Since the Spirit of God is the Spirit of truth, his operations in sanctification in the new covenant are more powerful and thorough than before the coming of Christ, for the shadows and types now are fulfilled and made clear by His appearing. The explanation of the person and work of Christ by the inspiration of the Spirit may now have full effect in securing for Christ a people of his own possession zealous of good works (Titus 2:11-14). As distinct from that remnant of true believers in Israel, these believers have the example of Christ, the teaching of Christ, the dying grace of Christ, the fullness of the revelation in Scripture, the community of saints to exhort, reprove, and encourage, and the variety of gifts granted to the church by the Spirit in Christ’s ascension (Ephesians 4:1-7).
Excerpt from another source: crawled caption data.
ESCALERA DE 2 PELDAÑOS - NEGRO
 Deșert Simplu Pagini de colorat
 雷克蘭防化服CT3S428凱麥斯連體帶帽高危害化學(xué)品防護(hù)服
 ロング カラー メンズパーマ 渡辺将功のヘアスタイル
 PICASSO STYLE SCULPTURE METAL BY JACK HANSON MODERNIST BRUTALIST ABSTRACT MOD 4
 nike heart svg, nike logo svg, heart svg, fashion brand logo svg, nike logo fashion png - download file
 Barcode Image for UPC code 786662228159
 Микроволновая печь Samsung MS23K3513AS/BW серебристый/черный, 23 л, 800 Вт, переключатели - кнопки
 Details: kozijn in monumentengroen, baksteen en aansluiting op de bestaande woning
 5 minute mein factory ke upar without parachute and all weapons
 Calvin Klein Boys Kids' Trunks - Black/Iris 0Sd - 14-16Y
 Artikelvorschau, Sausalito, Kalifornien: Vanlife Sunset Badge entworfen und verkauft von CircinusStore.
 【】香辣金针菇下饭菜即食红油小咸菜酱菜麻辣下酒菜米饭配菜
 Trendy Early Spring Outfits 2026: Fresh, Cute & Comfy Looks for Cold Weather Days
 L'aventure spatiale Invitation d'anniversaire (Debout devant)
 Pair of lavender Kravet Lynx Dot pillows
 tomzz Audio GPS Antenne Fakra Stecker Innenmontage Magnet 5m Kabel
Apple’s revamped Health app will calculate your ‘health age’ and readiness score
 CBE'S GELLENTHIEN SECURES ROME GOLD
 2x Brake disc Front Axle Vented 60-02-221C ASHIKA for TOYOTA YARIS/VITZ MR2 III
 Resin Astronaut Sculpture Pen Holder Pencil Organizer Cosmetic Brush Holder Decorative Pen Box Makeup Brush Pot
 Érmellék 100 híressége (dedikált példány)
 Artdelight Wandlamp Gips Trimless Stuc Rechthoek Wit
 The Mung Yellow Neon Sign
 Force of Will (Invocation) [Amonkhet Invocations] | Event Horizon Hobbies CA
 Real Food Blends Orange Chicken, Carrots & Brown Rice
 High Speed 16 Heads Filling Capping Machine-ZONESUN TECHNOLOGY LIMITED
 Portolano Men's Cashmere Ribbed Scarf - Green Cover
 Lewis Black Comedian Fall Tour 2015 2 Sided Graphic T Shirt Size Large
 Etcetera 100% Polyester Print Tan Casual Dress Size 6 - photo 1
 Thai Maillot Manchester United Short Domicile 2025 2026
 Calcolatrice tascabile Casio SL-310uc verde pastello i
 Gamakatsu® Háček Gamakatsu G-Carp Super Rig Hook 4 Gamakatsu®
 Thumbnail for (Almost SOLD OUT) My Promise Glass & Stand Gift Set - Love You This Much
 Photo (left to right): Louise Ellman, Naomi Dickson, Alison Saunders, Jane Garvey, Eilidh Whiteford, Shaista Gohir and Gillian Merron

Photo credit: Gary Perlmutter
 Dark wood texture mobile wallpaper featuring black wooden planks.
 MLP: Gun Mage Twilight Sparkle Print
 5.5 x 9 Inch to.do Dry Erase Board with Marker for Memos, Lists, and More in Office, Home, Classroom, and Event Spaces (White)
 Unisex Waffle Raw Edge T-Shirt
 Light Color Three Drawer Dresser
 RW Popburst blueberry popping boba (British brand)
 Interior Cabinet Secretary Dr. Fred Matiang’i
After Christ’s ascension this gift of the Spirit marked the new community and people that believed in him with corporate holiness, personal holiness, and gifts for teaching and order (1 Corinthians 12:3-13). It is this context that we understand the inspired observation of the writer of Hebrews, “And all these, having obtained a good testimony through faith, did not receive the promise [they did by the Spirit receive the promise in its truthfulness but did not the One who was the full substance, even the incarnate Promise], God having provided something better for us, that they should not be made perfect apart from us” (Hebrews 11:39, 40).
We thank God for regenerating grace and persevering grace given believers in all ages by the Spirit; we thank him for the special gifts given when Christ was glorified putting us into a fellowship of believers and granting each member of that believing body a gift of the Spirit so that we will “grow up in every way into him who is the head, into Christ, from whom the whole body, joined and held together by every joint with which it is equipped, when each part is working properly” (Ephesians 4:15, 16).